Ray Bradbury is renowned as a great science fiction and fantasy writer. He is famous for his science fiction novel Fahrenheit 451 but his other works like the fantasy novel The Martian Chronicles and short story The Fog Horn are equally loved. He has written short stories, novellas, novels, and scripts for TV, film, radio, and theater. Ray Bradbury’s works are the product of his vast imagination, which in turn were influenced and honed by his exposure in the Dill Brothers Carnival, the stories of Edgar Allan Poe, Edgar Rice Burroughs, and comic books.
Growing up, Ray Bradbury was afraid of the dark. Even as a child, he already had an active imagination. His imagination, however, made him afraid of the dark, and what he imagined he would find there. But what changed his fear into writing is his experience at the Dill Brothers Carnival. When he was twelve years old, Bradbury wandered into the said carnival and met two magicians, Mr. Electrico and Blackstone. These two men would have a great effect on Bradbury. The young Bradbury was amazed by Mr.

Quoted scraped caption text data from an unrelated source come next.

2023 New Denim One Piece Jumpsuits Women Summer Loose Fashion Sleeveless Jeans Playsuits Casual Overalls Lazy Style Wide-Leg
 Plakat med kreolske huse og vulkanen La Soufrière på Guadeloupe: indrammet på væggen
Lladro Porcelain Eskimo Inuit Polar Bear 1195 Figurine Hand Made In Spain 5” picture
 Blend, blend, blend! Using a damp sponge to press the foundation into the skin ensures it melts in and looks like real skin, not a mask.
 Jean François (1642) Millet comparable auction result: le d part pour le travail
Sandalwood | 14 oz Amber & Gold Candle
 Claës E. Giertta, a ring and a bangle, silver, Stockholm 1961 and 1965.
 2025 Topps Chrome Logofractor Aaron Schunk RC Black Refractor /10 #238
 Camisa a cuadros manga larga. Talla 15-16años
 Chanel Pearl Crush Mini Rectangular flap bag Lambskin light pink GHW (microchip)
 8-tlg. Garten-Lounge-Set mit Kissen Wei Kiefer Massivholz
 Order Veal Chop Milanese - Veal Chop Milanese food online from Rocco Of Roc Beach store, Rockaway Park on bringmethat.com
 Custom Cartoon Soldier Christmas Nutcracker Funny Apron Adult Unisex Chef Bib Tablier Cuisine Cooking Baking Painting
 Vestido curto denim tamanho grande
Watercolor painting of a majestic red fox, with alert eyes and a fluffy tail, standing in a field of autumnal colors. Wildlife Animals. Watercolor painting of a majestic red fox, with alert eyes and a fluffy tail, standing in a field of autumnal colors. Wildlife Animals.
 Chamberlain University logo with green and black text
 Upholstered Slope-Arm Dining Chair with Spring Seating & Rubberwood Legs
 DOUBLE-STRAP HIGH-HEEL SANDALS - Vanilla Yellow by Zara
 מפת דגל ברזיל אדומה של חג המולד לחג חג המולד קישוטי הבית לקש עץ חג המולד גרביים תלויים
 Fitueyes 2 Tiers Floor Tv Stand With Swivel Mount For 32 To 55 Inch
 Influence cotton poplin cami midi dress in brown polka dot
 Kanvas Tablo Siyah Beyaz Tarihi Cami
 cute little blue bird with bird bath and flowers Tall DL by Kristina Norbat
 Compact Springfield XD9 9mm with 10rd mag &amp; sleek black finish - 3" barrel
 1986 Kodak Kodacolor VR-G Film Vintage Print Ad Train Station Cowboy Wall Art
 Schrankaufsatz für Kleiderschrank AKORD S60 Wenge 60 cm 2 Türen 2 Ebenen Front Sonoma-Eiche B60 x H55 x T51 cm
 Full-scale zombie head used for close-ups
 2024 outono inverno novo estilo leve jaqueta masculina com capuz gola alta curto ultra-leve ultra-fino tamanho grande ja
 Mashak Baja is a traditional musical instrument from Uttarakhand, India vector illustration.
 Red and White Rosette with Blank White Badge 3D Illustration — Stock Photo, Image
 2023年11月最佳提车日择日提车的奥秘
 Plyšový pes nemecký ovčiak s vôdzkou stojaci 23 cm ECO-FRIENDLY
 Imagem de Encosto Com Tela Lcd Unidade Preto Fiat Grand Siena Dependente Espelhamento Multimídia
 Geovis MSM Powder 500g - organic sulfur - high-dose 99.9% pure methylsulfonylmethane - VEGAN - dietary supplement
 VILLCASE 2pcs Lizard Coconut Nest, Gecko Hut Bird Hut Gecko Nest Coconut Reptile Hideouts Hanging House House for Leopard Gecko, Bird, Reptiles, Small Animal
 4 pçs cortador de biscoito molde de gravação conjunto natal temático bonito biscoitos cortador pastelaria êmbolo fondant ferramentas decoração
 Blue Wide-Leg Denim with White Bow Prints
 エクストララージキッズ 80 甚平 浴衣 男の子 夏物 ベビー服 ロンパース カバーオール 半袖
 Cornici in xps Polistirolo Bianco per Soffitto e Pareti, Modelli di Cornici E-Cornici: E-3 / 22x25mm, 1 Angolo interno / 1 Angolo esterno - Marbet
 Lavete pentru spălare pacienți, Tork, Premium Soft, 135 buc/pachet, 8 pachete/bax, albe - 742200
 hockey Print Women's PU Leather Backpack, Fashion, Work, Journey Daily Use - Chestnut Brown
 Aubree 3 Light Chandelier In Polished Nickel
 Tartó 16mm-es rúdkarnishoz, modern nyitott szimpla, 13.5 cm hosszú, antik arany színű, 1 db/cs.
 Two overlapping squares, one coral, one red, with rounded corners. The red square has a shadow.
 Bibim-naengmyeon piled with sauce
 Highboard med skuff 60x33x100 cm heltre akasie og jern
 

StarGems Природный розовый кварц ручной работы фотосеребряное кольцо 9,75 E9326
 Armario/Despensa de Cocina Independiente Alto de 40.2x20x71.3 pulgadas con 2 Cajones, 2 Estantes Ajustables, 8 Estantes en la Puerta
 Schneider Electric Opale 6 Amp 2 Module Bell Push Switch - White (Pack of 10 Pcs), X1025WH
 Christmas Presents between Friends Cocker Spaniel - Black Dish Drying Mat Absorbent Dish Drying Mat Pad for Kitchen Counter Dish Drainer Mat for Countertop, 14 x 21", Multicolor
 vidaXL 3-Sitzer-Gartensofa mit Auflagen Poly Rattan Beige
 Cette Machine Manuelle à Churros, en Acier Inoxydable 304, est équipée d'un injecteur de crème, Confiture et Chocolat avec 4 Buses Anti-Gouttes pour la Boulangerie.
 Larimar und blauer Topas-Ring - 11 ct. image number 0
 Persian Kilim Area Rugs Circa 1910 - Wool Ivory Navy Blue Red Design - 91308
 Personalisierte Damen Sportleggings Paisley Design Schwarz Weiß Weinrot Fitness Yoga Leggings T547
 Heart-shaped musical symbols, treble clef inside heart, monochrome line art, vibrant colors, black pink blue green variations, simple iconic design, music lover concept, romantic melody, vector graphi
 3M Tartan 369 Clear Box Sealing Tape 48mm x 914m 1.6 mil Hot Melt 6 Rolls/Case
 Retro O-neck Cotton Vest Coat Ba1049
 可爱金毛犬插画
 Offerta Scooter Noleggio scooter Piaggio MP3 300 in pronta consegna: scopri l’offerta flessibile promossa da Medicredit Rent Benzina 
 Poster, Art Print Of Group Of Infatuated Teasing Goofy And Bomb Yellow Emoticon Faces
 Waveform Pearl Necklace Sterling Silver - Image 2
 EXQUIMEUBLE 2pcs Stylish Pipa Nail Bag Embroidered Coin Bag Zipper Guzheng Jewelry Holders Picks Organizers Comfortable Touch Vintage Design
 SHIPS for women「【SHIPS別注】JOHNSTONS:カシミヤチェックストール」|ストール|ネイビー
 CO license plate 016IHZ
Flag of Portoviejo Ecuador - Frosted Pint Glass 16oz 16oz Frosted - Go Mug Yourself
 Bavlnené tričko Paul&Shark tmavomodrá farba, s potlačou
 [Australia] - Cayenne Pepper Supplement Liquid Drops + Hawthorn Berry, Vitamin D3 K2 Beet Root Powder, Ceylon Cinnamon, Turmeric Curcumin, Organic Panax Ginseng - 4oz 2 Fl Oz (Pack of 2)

Electrico’s electric sword and Blackstone’s magic performance. Likewise, his encounter with the “Tattoo Man” inspired his work The Illustrated Man. The summer following Bradbury’s encounter with the carnival, its experience manifested. Ray Bradbury began writing, as well as started dabbling in magic, drama, and acting. All these formed Ray Bradbury into the writer we all came to love.
Bradbury’s works are all exuding magic and theatricality. His stories are not just stories. His writing style is simple yet captivating that it can suspend any disbelief and immediately instill a sense of wonder in its readers. He writes of things that no human knows but he describes them as if he had seen it first-hand. As a writer, he is able to weave fantastical stories out of things he does not know. What would otherwise cause fear, he turns into stories. This is perhaps magic’s most prevalent influence in Ray Bradbury—instead of a sleight of the hand, he uses his words to make people believe and be amazed at his illusions.
Bradbury’s love for fantasy grew further from reading works like by L. Frank Baum, Edgar Allan Poe, and Edgar Rice Burroughs. As a child, his mother read him the Oz Books, then when he could read on his own, his aunt let him read Edgar Allan Poe. He was also encouraged to read Norse, Roman, and Greek mythologies. As a teenager he also read comic books. From this reading list, Bradbury’s romanticism and poetic writing style makes sense. Although his works are often set in a distant future, they tackle universal themes such as the conflict between human beings and machine, between the creative individual and the conforming group, between the innocence of childhood and the corruptions of adulthood. Likewise, the way he handles these conflicts is in line with the romantics’ rootedness in emotions.
One more interesting influence of the carnival in Bradbury is his love for satire, which is especially evident in his famous novel Fahrenheit 451. Here, carnival is a central imagery. It is used to discuss censorship. Bradbury expanded on his experiences with the carnival as a child through the carnival’s history as a subversive form of entertainment in the past. The carnival allowed people in the medieval times to shed social norms while also expressing subversive ideas against authorities in a light-hearted manner. In a way, these carnivals breathed life into these otherwise oppressed societies. This is the same effect that Bradbury’s works of fantasy has in his readers. As he expressed regularly, he wants his works to instill a sense of wonder in his readers, especially the children. He creates beautifully written, gripping stories to encourage future generations to keep reading so society can have a bright future. Without the influences from Bradbury’s childhood, his unique style of writing and fantastic ideas would not exist. All his experiences as a child led him to a life of writing fantastical and unique novels, which is what distinguishes him from other science fiction writers.